Film Review: Shoddy Filmmaking and Forgettable Characters Dim Football Drama “Under the Stadium Lights”
Written by: Matt Patti | June 3rd, 2021
Under the Stadium Lights (Todd Randall, 2021) 1½ out of 4 stars.
I’ve always been a sucker for a good inspirational football movie; football is my favorite sport to watch and I’m an avid Baltimore Ravens fan. I find it intriguing how real-life events in sports can often lend themselves to telling a compelling story. So many remarkable runs, upsets and unbelievable efforts are chronicled in sports, and I believe that football represents the pinnacle of these phenomena. Each single game is so important, more so than single games in most other sports due to there being significantly fewer games in a football season than in most sports’ seasons. Therefore, a single game in football has a huge, lasting, dramatic effect on a team and a city. What most fans do not experience, however, are the struggles and challenges that the players on a team face off the field. Many great, classic football films expertly present these obstacles and accomplish a moving drama that lasts in the audience’s hearts. However, no matter how inspiring a story may be, or what big-name stars sign on for a film, if the film itself does not tell said story effectively, the film will falter. Unfortunately, such is the case with Under the Stadium Lights. It’s a moving tale, but a poorly executed film.
Under the Stadium Lights tells the story of the 2009 Abilene Eagles, a high-school football team from west Texas. In 2008, the Eagles went 10-0 in the regular season but were dismantled in a crushing defeat in their state championship game. Now, the very next season, morale is fittingly low. What’s worse, many of the players are currently dealing with personal problems, family issues, and even downright tragedies in the midst of their goal to get back to the championship game. It will take the team’s chaplain, Chad (Milo Gibson, Hacksaw Ridge), and a popular community figure who acts as a father to the team, Harold (Laurence Fishburne, John Wick: Chapter 3 – Parabellum) to unite the players together and help them achieve their dreams.

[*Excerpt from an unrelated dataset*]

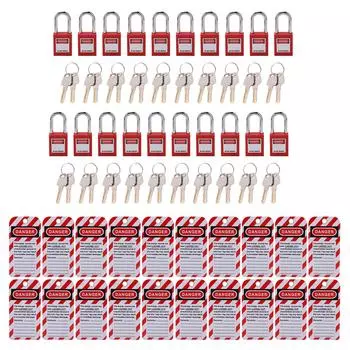 Комплект электрических блокировок с защитными замками, ключами Loto Tags для промышленных химических электрических приборов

I had high hopes for this film, and figured it would be difficult to screw up an inspirational tale such as this. Unfortunately, I was wrong. Almost everything in this film fails, save for the story, itself. The characters are dull and uninspiring, specifically Milo Gibson’s Chad, who is as stiff as a tree and hardly sheds an ounce of emotion throughout the entire film. He is hardly the inspiring leader that the script makes him out to be. The other performances are not great, though Laurence Fishburne is exceptional as Harold, his performance standing out, like a diamond in the rough, strikingly above the others. The rest of the cast have little chemistry with each other, thanks in part to rarely sharing the screen with one another. The film spends most of its time delving into individual players’ struggles at home, but with rushed dramatic sequences and subpar acting, they do not yield an emotional response from the viewer.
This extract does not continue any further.